En Brooklyn, Nueva York, el día de Nochebuena de 1880 no es muy feliz para Ceddie Errol, de nueve años (Freddie Bartholomew), porque su padre acaba de morir, dejando a la esposa en una delicada situación económica. Pero la suerte, o el destino, no le ha dado la espalda del todo al joven Ceddie; eso sí, a cambio de algún que otro sacrificio personal que, pese a todo, el muchacho sabrá sobrellevar con buen espíritu y alegría de vivir.
La oportunidad consiste en marchar a Inglaterra, donde el abuelo de Ceddie, el conde de Dorincourt (C. Aubrey Smith), se ha quedado sin herederos directos -sus hijos-, razón por la que lo reclama para convertirlo en todo un caballero, siendo el único descendiente que le queda. En efecto, la madre del muchacho, apodada Dearest (Dolores Costello Barrymore), se casó con uno de los hijos del actual y anquilosado conde. El marido ejerció con honores la milicia, pero el enlace fue enteramente desaprobado por el abuelo, que siempre ha mostrado prejuicios contra los norteamericanos, y piensa que los nobles han de casarse con sus iguales. De este modo, la única condición para que el chico se beneficie de las ventajas de un estatus y cultura elevados -aparte del título de lord-, será que la madre permanezca al margen, viviendo en una casa apartada del castillo. Sabiendo de las necesidades que se les vienen encima, y el provecho que esta coyuntura inesperada puede deparar a Ceddie, la madre acepta el trato en dichos términos. Lo hará a través del abogado del conde, el señor Havisham (Henry Stephenson), un personaje contemplado con buena disposición dentro de la trama.

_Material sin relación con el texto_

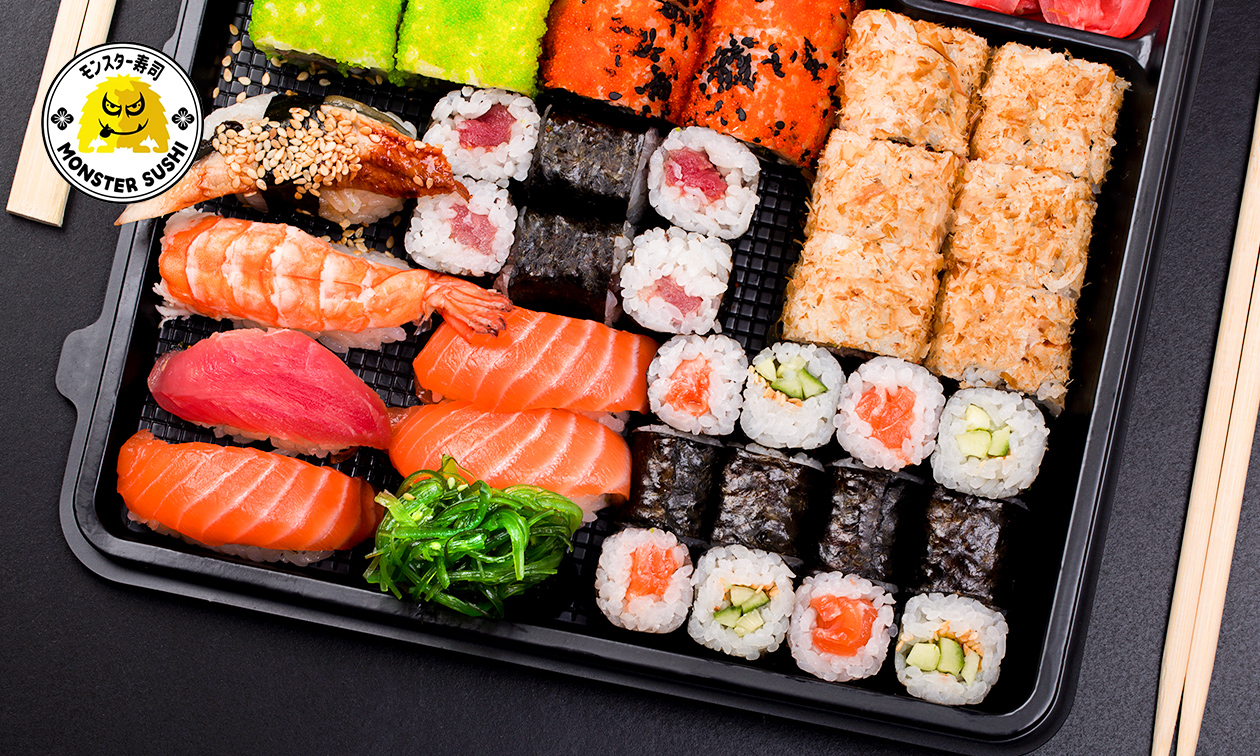 Sushibox (24 of 43 stuks) bij Monster Sushi voor afhaal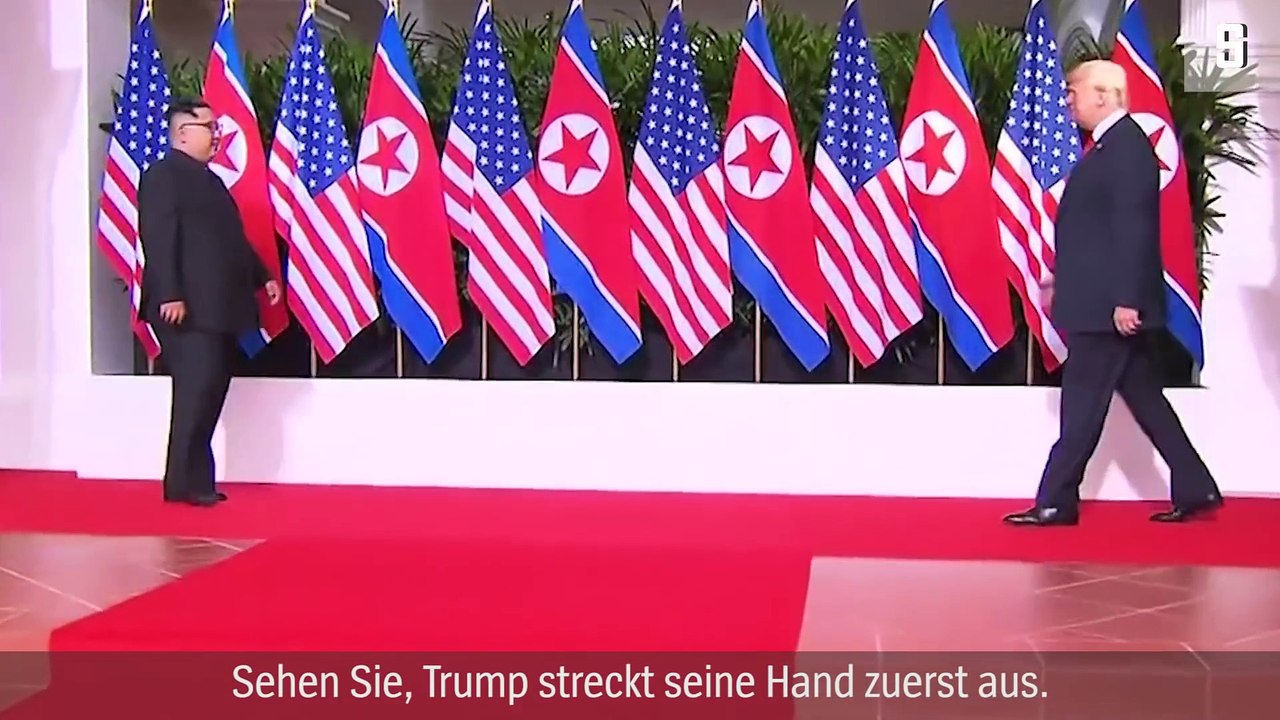 Körpersprache Analyse Trump will dominieren Kim bewundert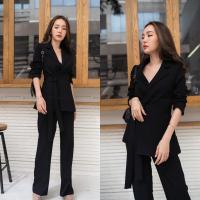 ราคา ? ? ? เสื้อสูทกางเกงขายาว พร้อมเชือกผูกเอว ชุดเช็ทสูททำงาน ชุดทำงานเข้าเช็ท ชุดสูทผู้หญิง ชุดสูททำงาน ชุดสูท (18820137815)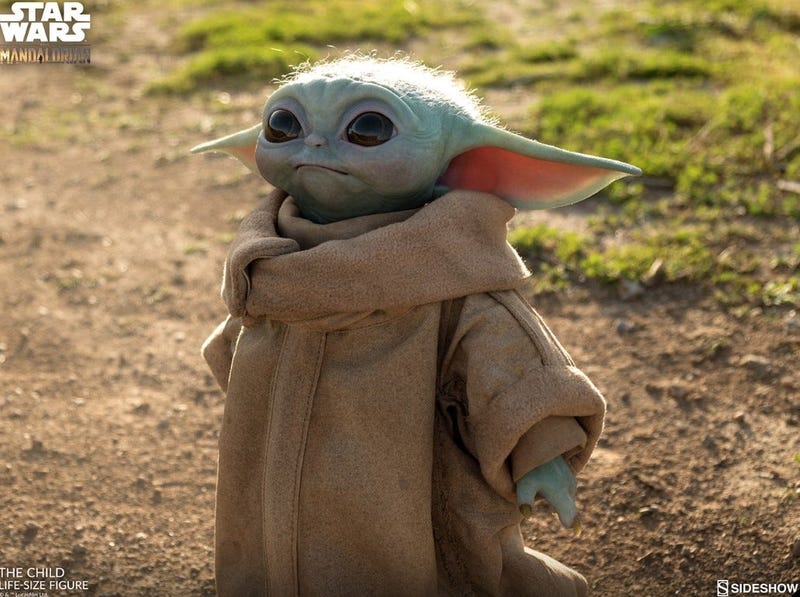Baby Yoda Figure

Esta es la base argumental de El pequeño Lord (Little Lord Fauntleroy, United Artist, 1936), realización de John Cromwell (1886-1979), un estupendo director, escasamente divulgado, en torno a un famoso libro de la literatura anglo-estadounidense (1885; Edival-Juventud, 1977; Clásicos juveniles, 1984; Espuela de plata, 2015) escrito por Frances Hodgson Burnett (1849-1924); algo así con lo que sucede con Los chicos del ferrocarril (The Railway Children, 1906) de Edith Nesbit (1858-1924). El contenido fue adaptado por el novelista inglés Hugh Walpole (1884-1941) y la estupenda partitura se debe a Max Steiner (1888-1971).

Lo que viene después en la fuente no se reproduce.